About Us
#Campaign4her has been initiated to mobilize and seek feminist solutions to the ongoing conflict-related sexual violence (CRSV) against women and girls in Ethiopia’s war-torn Tigray region. #Campaign4her stands in solidarity with women and girls in Tigray and refugee camps by amplifying their voices, telling their stories, and campaigning for their human rights and justice.
We are feminists, human rights defenders, and activists who are outraged about the systematic rape used as a weapon of war in Tigray. As feminist advocates, we can not look away while women and children are being subjected to weaponized sexual violence and other atrocities. Hence, we aim to mobilize feminist networks within and beyond the continent to seek feminist solutions and advocate for gender-responsive collective action in response to the crisis. While women and girls in Tigray are suffering disproportionately, and they are the primary targets of rape, we recognize that men and boys may also be victims of conflict-related sexual violence.

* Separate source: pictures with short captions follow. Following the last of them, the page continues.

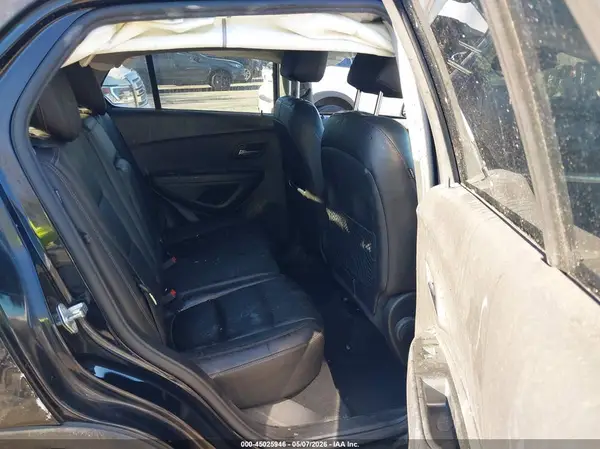3GNCJRSB2HL240881 2017 CHEVROLET TRAX - Image 8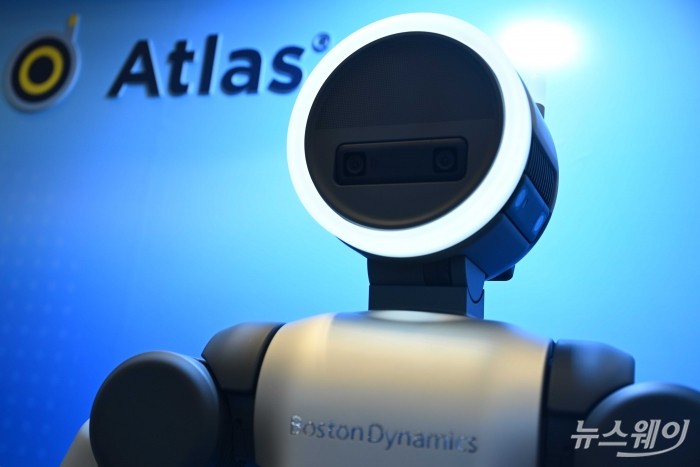 현대글로비스 보스턴다이나믹스사 '휴머노이드 로봇 아틀라스' 비구동 모델이 4일 오전 서울 강남구 코엑스에서 열린 '2026 스마트공장·자동화산업전(AW 2026)'에 전시되어 있다. 사진=강민석 기자 kms@newsway.co.kr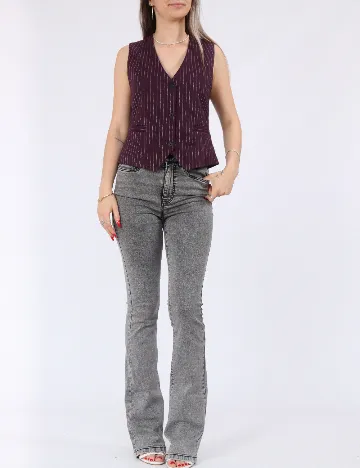 Vesta Vero Moda, mov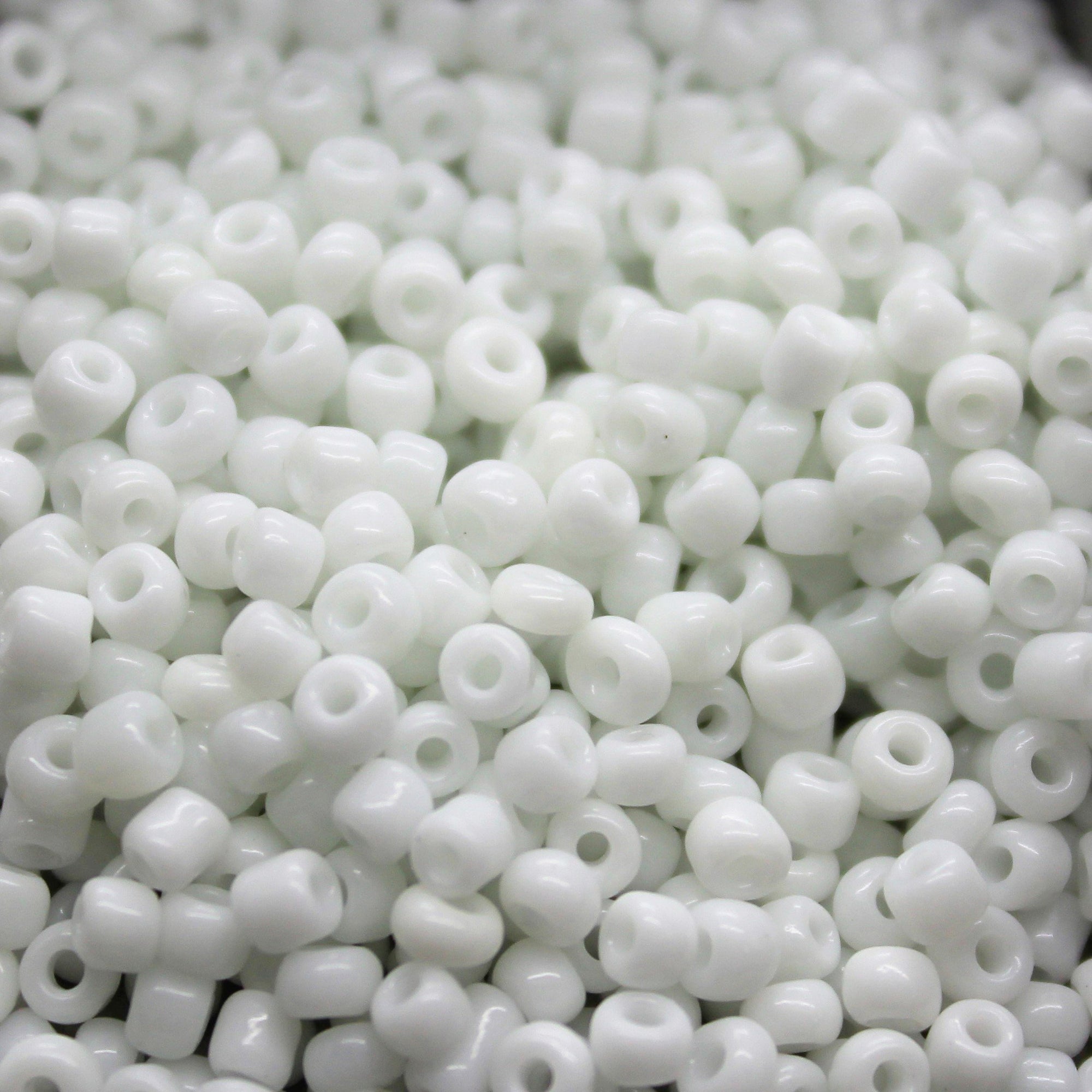 Seed Bead Bulk Bags - 8/0 - White Opaque - 449g/13,000pcs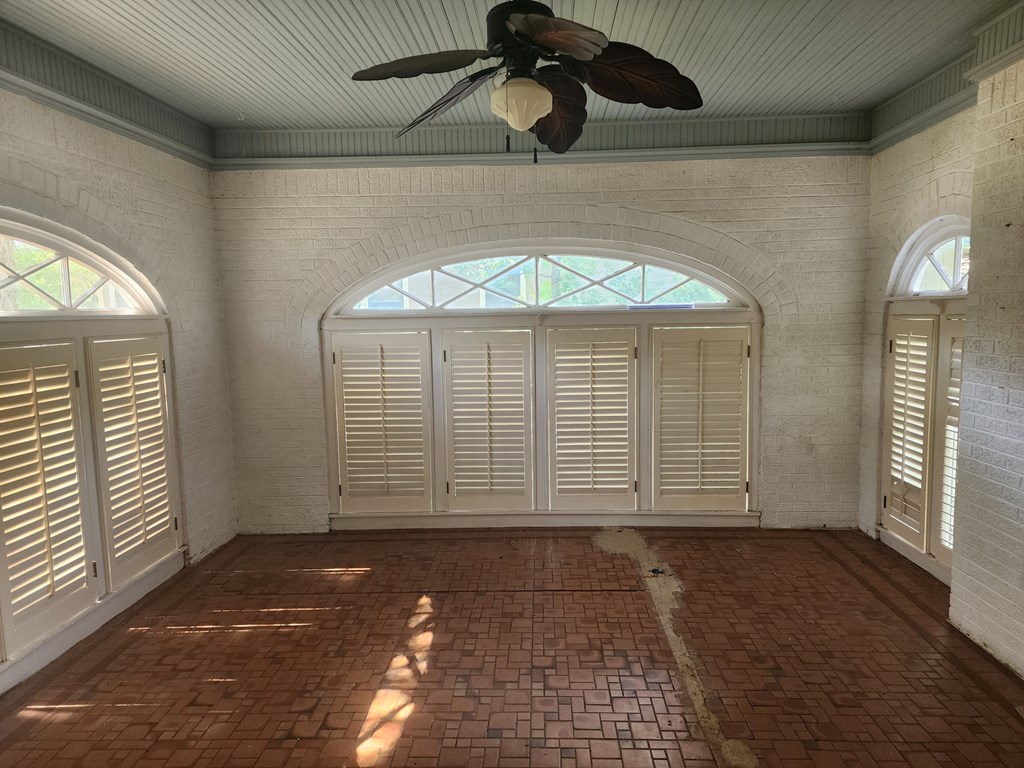 1309 Shafter St Property Photo 7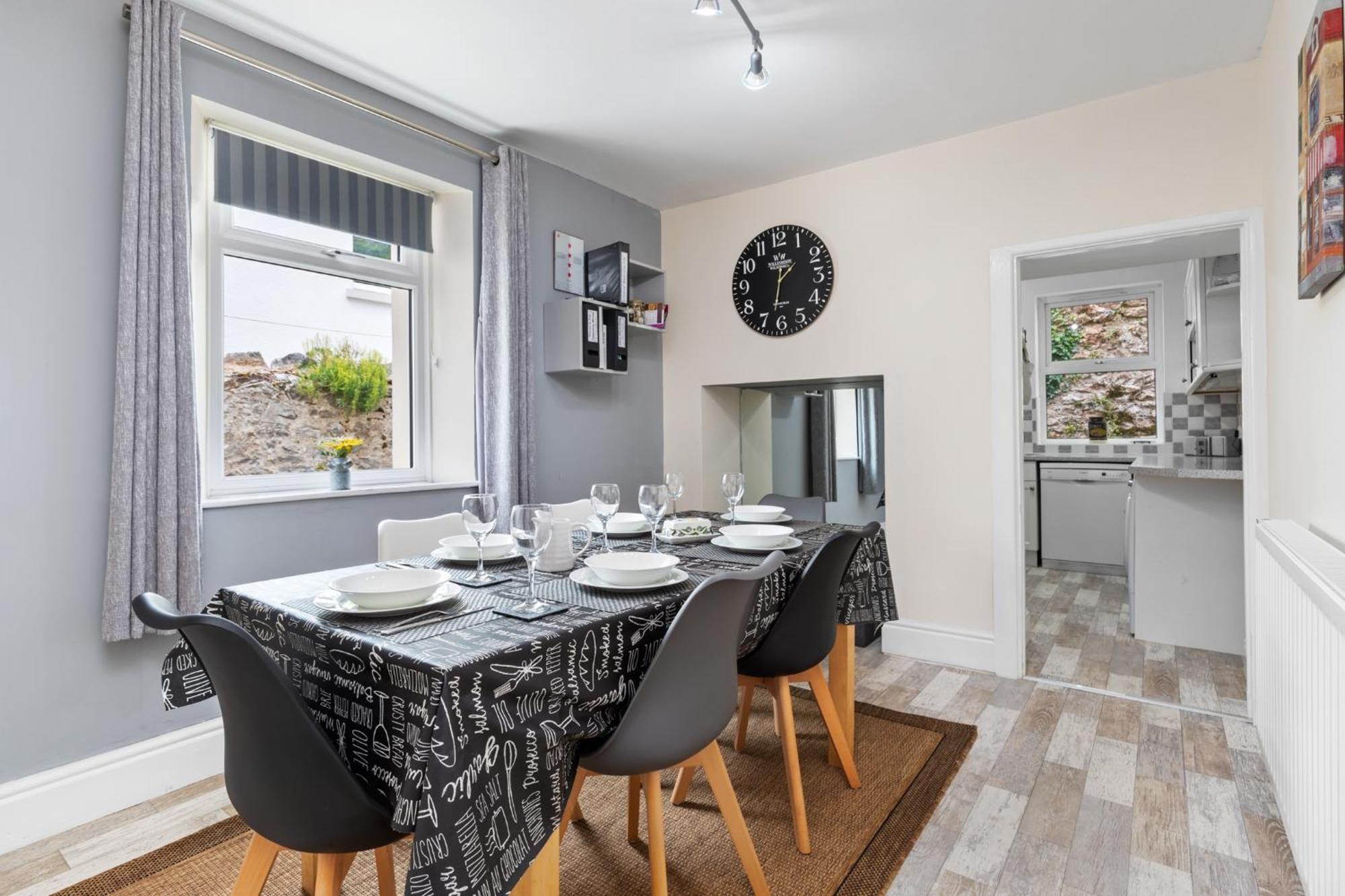 Penlan - Short Stroll To Town And Beaches * Tenby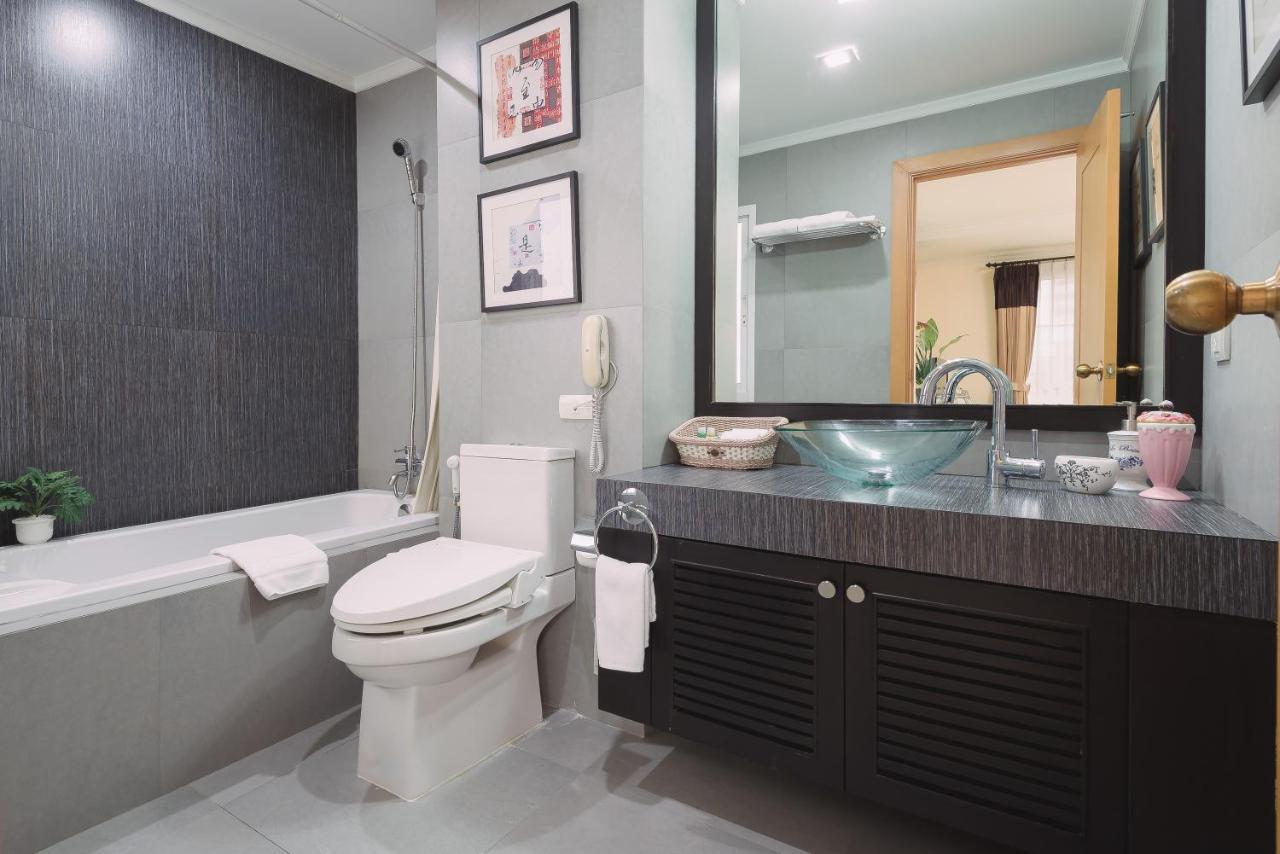 Two-Bedroom Suite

Women and girls in Tigray are being silenced as they face weaponized rape and other horrific forms of sexual violence committed against them as a part of a larger warfare strategy of ethnic cleansing. The Special Representative of the Secretary-General (SRSG) on Sexual Violence in Conflict described the sexual violence in Tigray region as ‘‘a level of cruelty beyond comprehension.”
Girls as young as eight years old are being targeted, many women have faced sexual slavery, forced pregnancy, sexual torture, gang rape over a number of days, usually in public, in front of their children and family members and other horrific abuses, including individuals forced to rape their own family members. Ever more horrific forms of sexual violence continue to surface: women have had their genitals burned and their uterus filled with foreign objects, including burning sticks, hot metal rods, stones, nails, pieces of plastic and sand in the attempt to make women of Tigray infertile.
A doctor treating survivors of sexual violence in Sudan, Hamdayet refugee camp, reported to CNN that “The women that have been raped say that the things that they say to them when they were raping them is that they need to change their identity–and that they’ve come there to cleanse them … to cleanse the bloodline,” Dr. Tedros Tefera said. “Practically this has been a genocide,” he added. The perpetrators were identified as members of the ”Ethiopian National Defense Forces, Eritrean Defense Forces, Amhara Special Forces, and other irregular armed groups or aligned militia.”
The full extent of the sexual violence committed against women and girls in Tigray remains unknown due to the Ethiopian government’s communications shutdown and limited access to the region. Furthermore, survivors are compelled to navigate the aftermath of sexual violence in situations of curfew, movement restriction, repeated sexual attacks, fear of retaliation, stigma and lack of access to services due to the systematic destruction of the healthcare centers.
The UNFPA expects that at least 22,500 survivors of sexual violence are estimated to seek clinical care due to the consequences of conflict-related sexual violence. The UN Under-Secretary-General for Humanitarian Affairs and Emergency Relief Coordinator Sir Mark Lowcock confirmed that “there is no doubt that sexual violence is being used in this conflict as a weapon of war, as a means to humiliate, terrorize, and traumatize an entire population today and into the next generation.” During the UN security council briefing in April 2021, Sir Mark Lowcock reported that an unspecified agency operating in Tigray had estimated that 30% of all incidents against civilians involved sexual violence and nearly 25% of reports received by another involved gang rape.
These atrocities must come to an end and urgent measures need to be taken to prevent further sexual violence from happening and to protect all civilians in Tigray, including those who have been internally displaced by the conflict and those who remain in refugee camps. Hence, we call upon African feminists, global feminists, peacebuilders, women in leadership, and global human rights defenders to use their voices to end the severe perpetration of rape as a weapon of warfare in Tigray and demand that all perpetrators be held accountable. Survivors of CRSV deserve access to medical care, security, justice, and support to restore their dignity. We will continuously campaign for the safety and protection of the human rights of women and girls who are still trapped in conflict in Tigray, to make sure that their voices don’t get silenced nor forgotten.